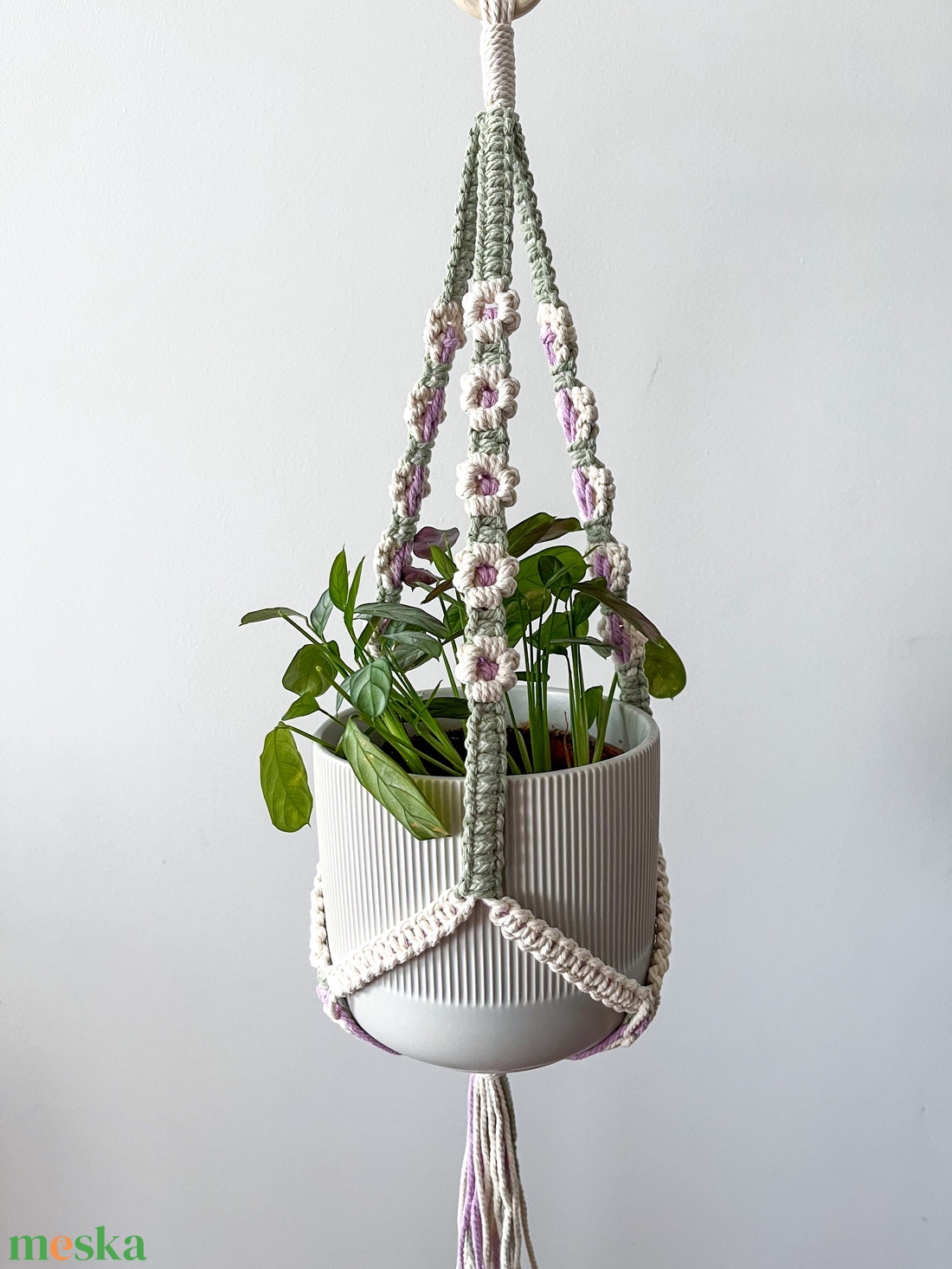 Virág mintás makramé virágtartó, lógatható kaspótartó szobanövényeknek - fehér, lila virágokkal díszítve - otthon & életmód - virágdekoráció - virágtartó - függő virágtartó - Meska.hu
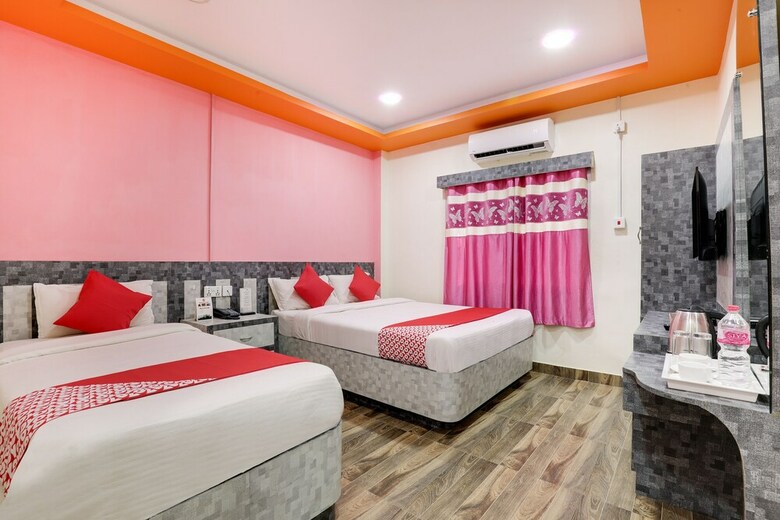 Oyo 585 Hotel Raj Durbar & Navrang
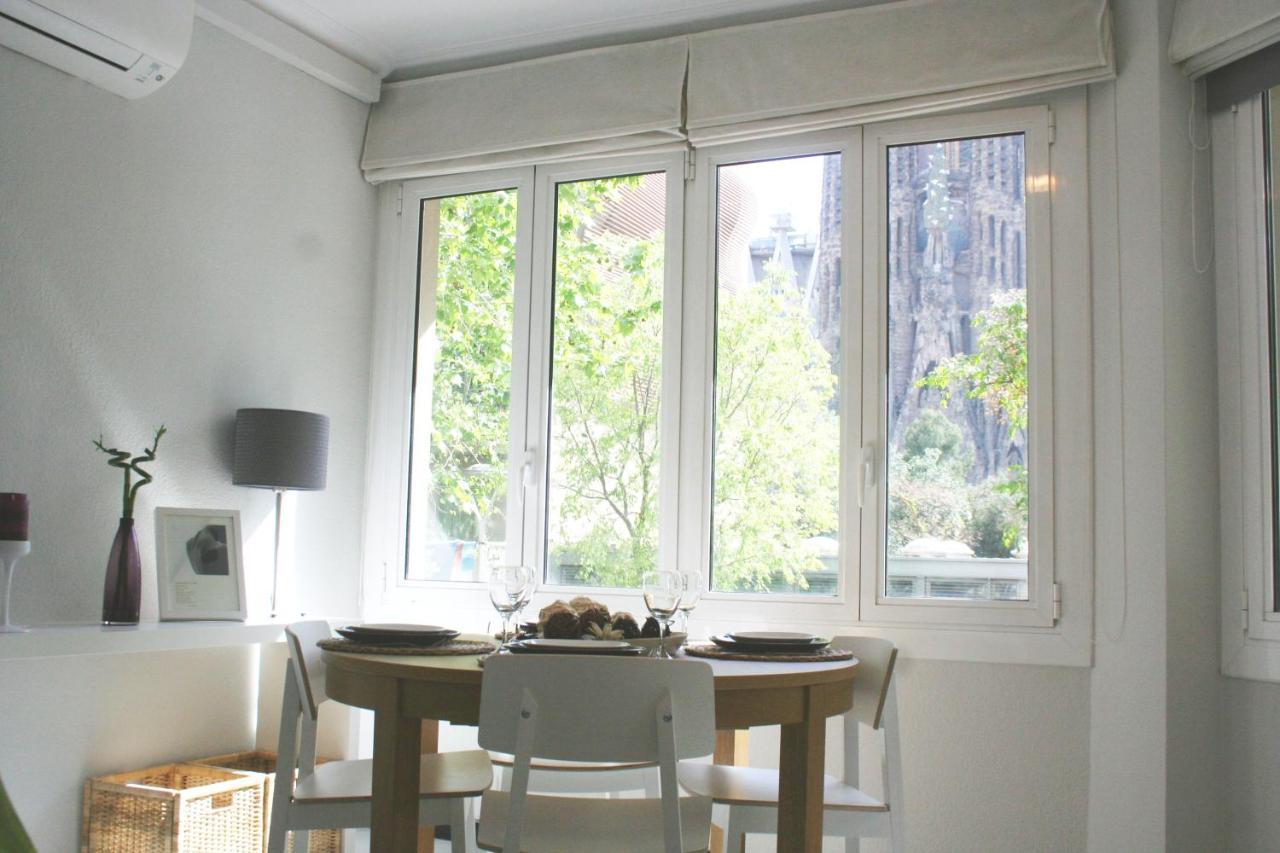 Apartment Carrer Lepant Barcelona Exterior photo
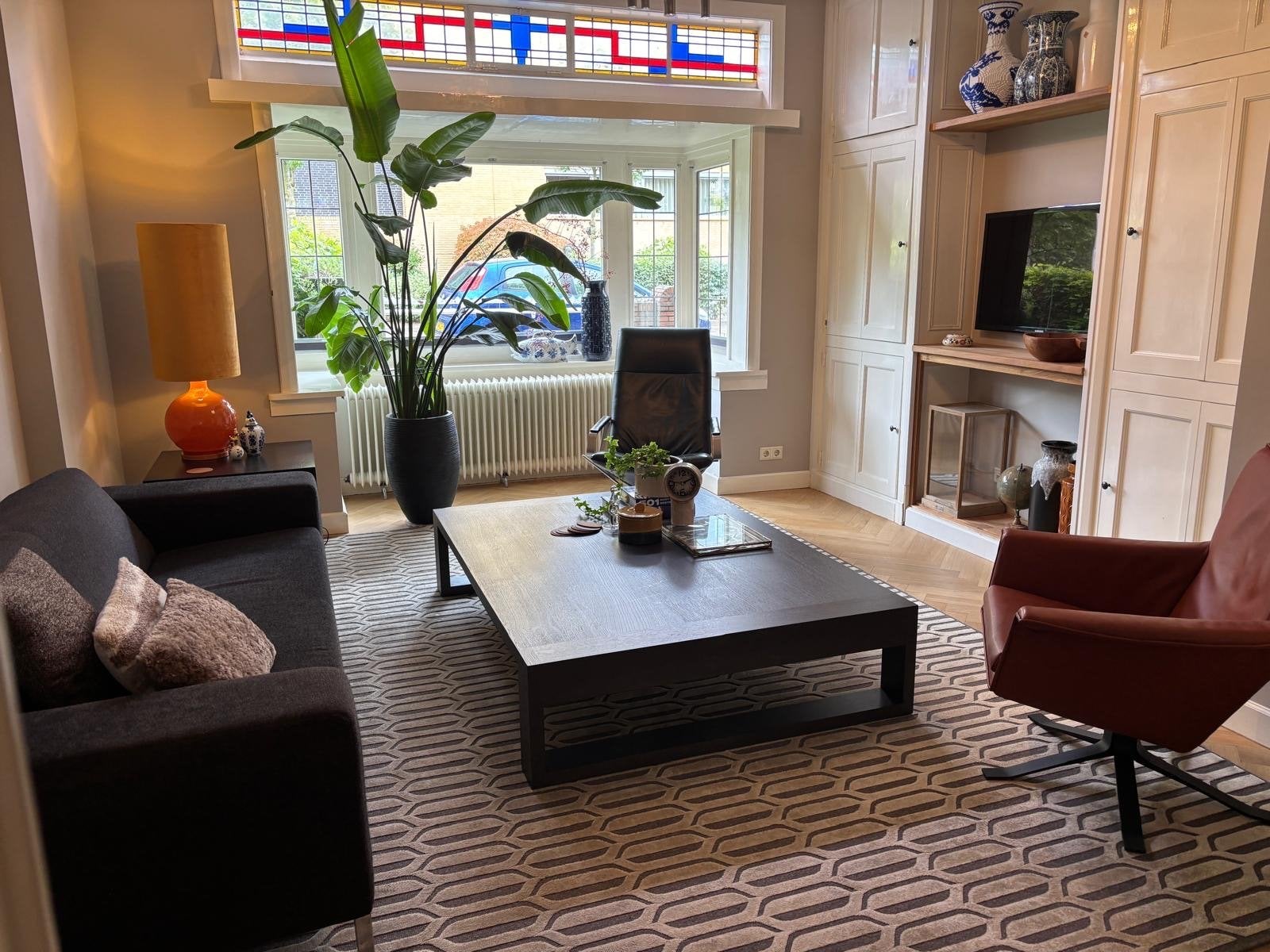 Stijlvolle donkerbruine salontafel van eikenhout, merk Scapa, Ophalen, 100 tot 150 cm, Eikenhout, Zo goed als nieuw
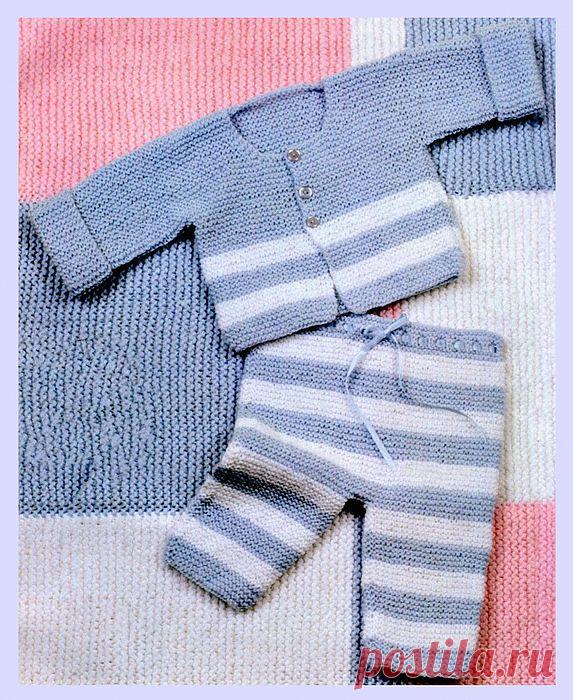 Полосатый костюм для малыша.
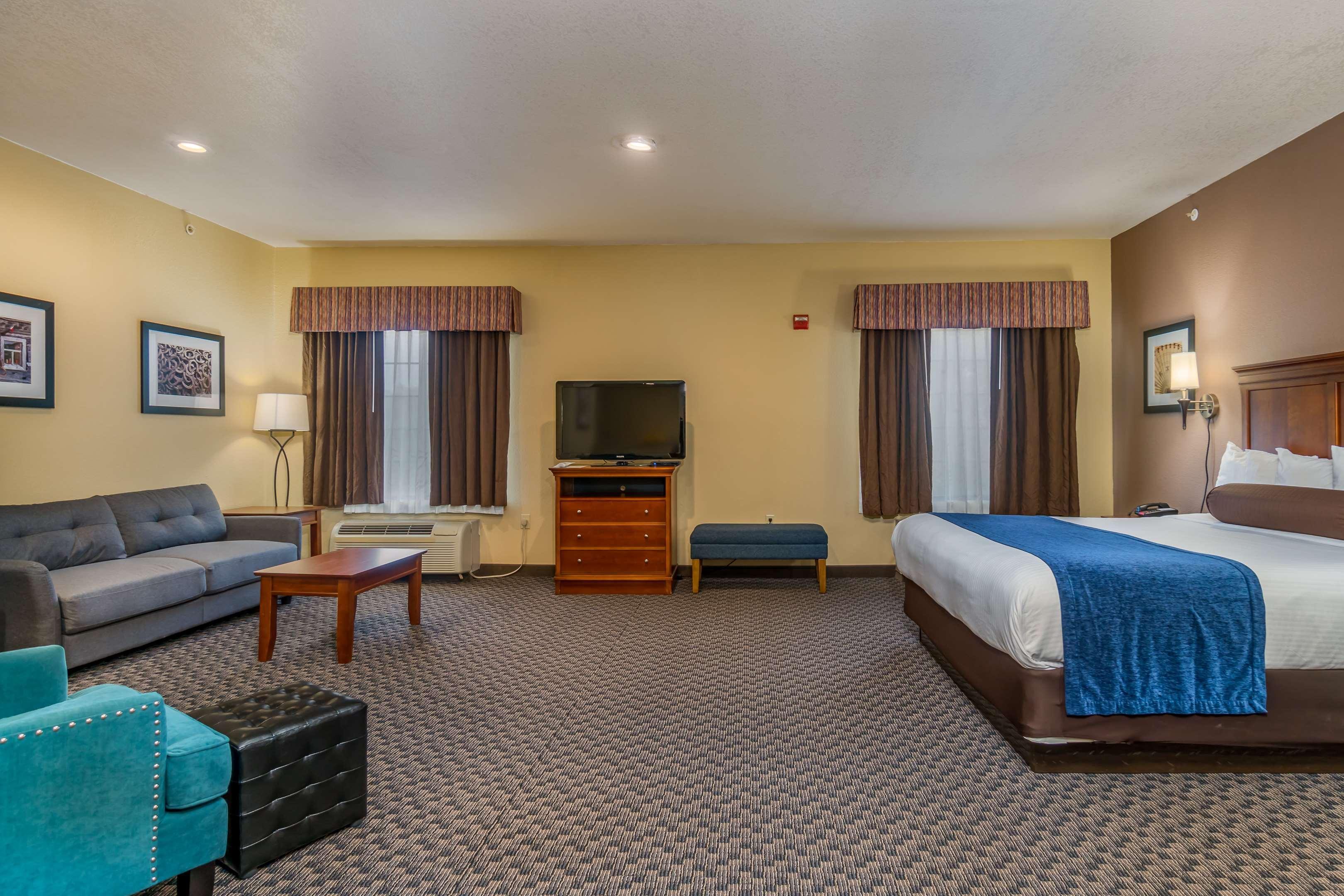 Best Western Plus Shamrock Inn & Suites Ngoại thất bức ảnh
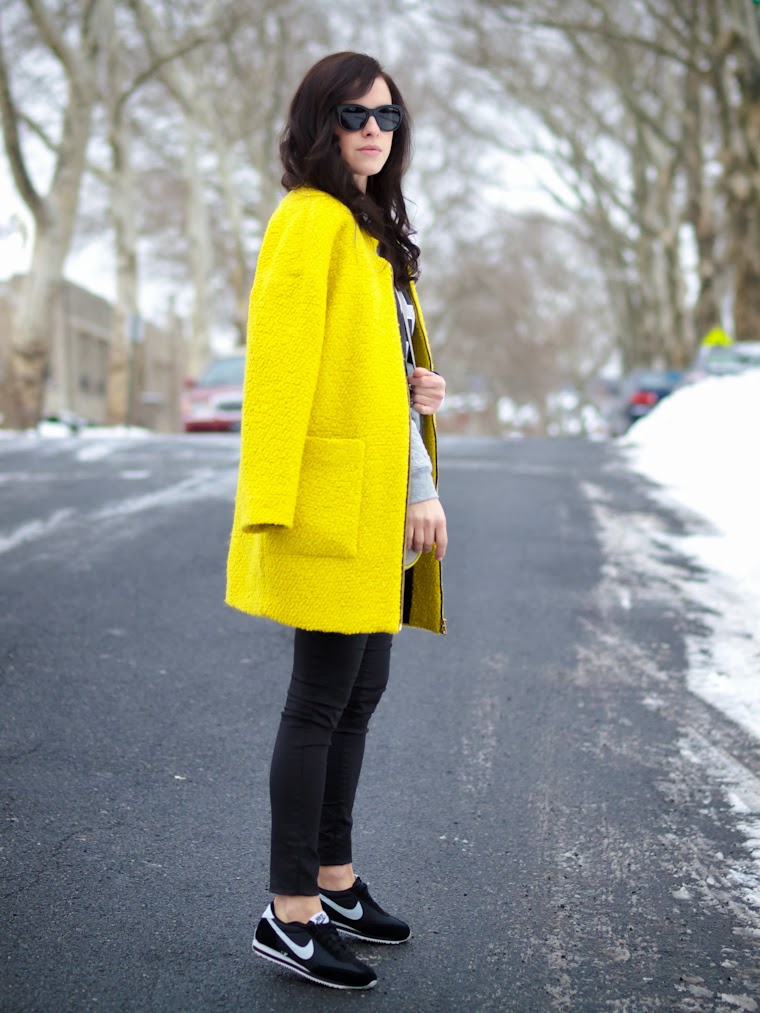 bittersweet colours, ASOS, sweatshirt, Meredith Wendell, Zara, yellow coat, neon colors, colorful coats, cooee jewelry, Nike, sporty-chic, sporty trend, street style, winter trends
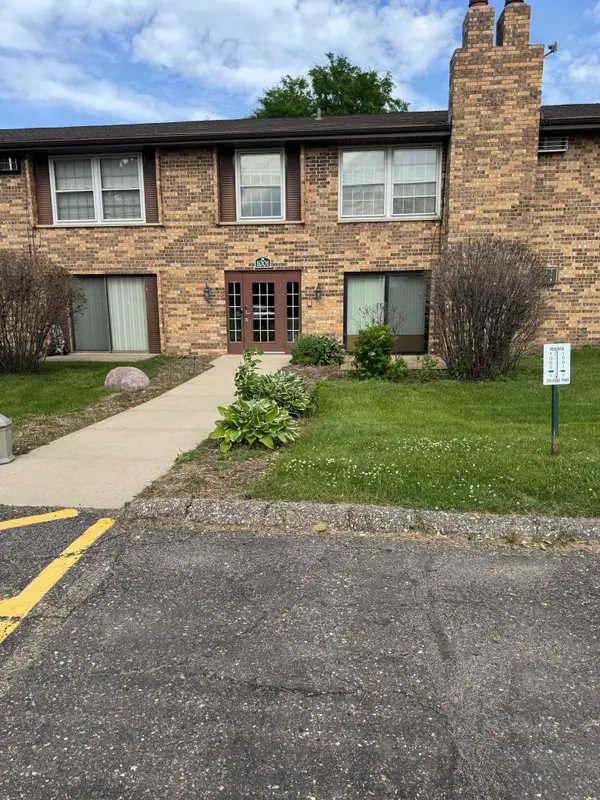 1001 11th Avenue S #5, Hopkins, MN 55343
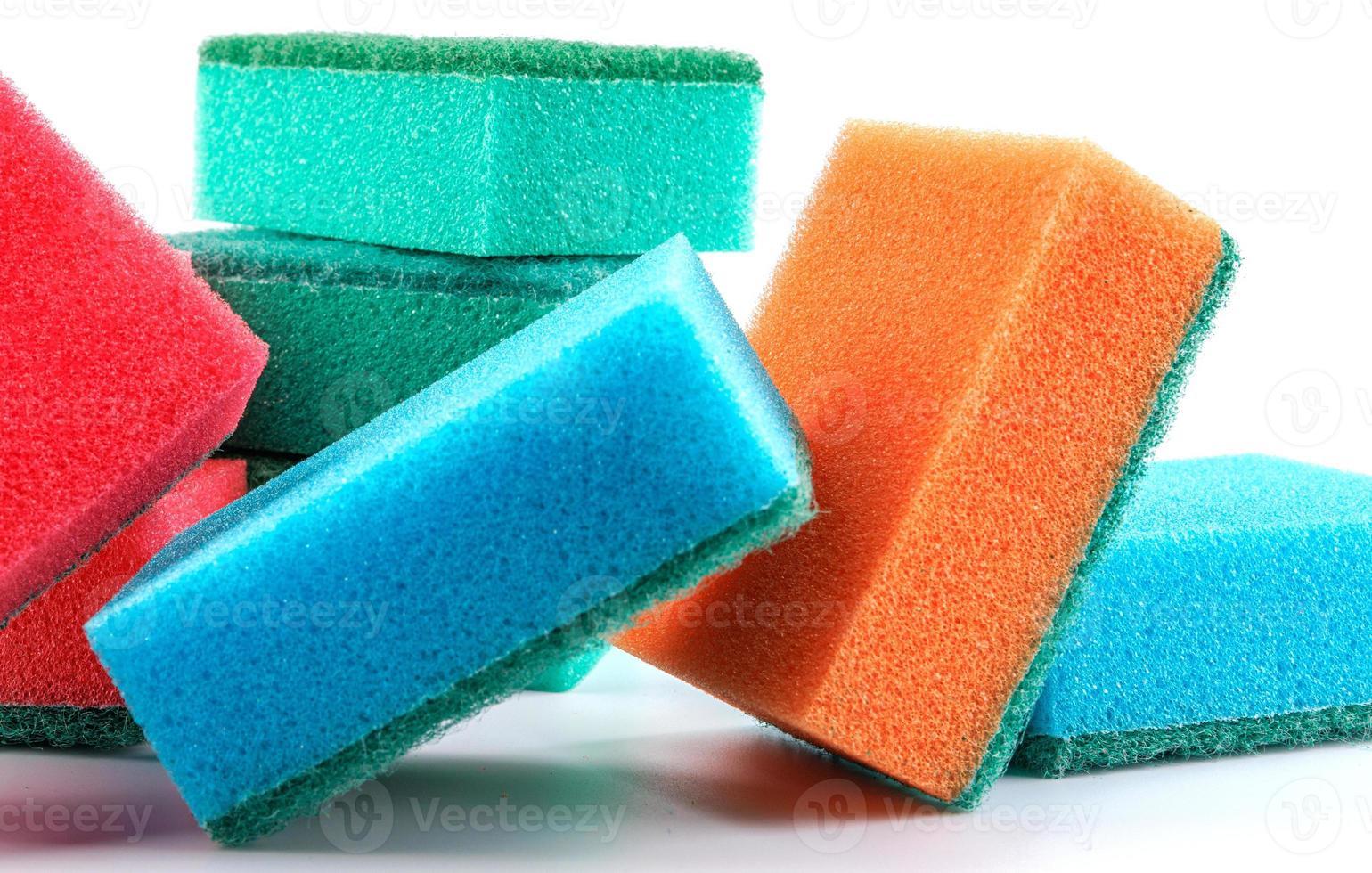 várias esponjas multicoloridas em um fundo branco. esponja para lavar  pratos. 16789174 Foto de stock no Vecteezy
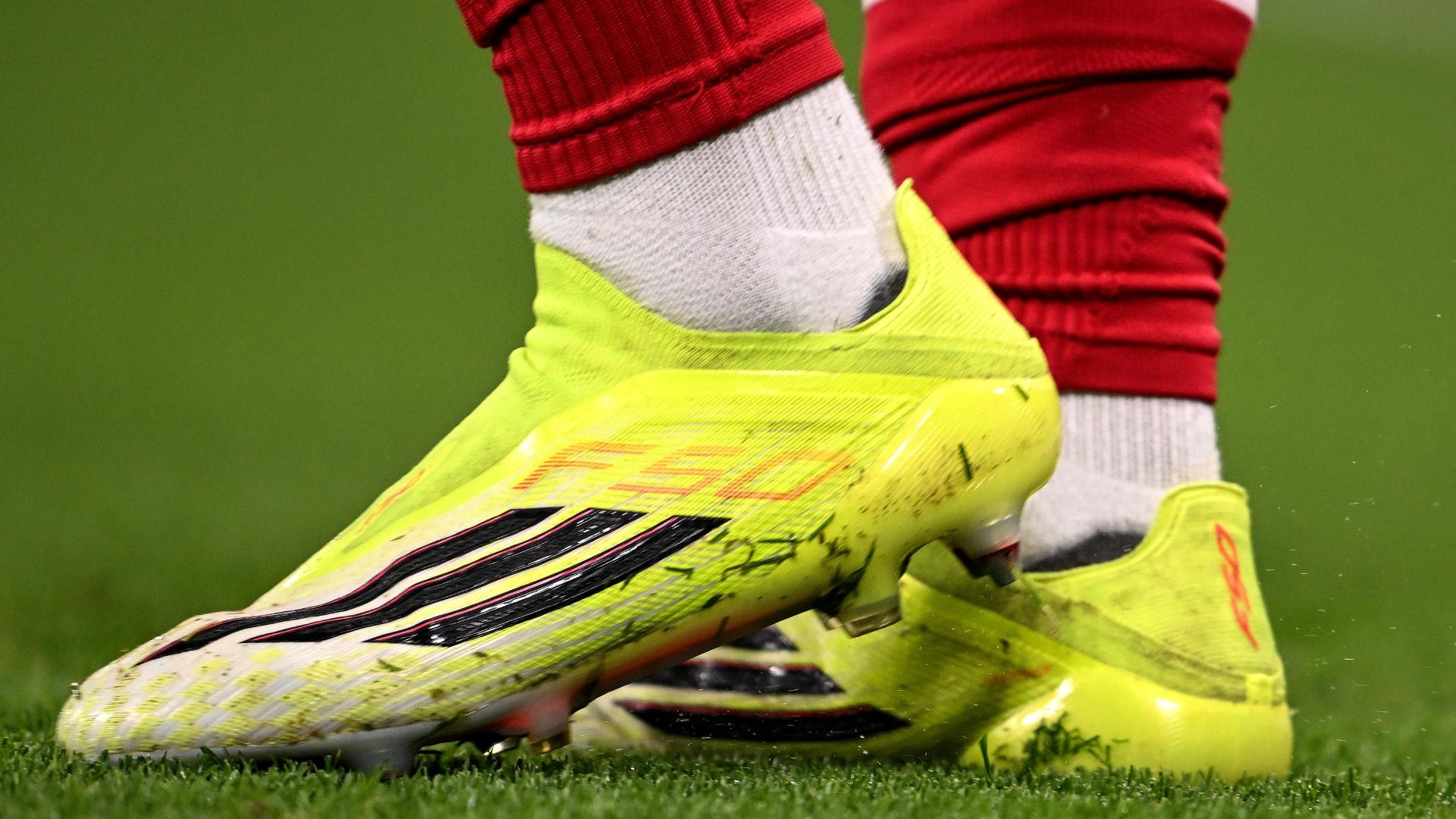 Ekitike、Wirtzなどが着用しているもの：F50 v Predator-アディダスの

Exercise brief: Pictures in the material above should be skipped; print exactly the lines from the one with "Stijlvolle donkerbruine salontafel" through the one with "várias esponjas multicoloridas".

Solved exercise:
 Stijlvolle donkerbruine salontafel van eikenhout, merk Scapa, Ophalen, 100 tot 150 cm, Eikenhout, Zo goed als nieuw
 Полосатый костюм для малыша.
 Best Western Plus Shamrock Inn & Suites Ngoại thất bức ảnh
 bittersweet colours, ASOS, sweatshirt, Meredith Wendell, Zara, yellow coat, neon colors, colorful coats, cooee jewelry, Nike, sporty-chic, sporty trend, street style, winter trends
 1001 11th Avenue S #5, Hopkins, MN 55343
 várias esponjas multicoloridas em um fundo branco. esponja para lavar  pratos. 16789174 Foto de stock no Vecteezy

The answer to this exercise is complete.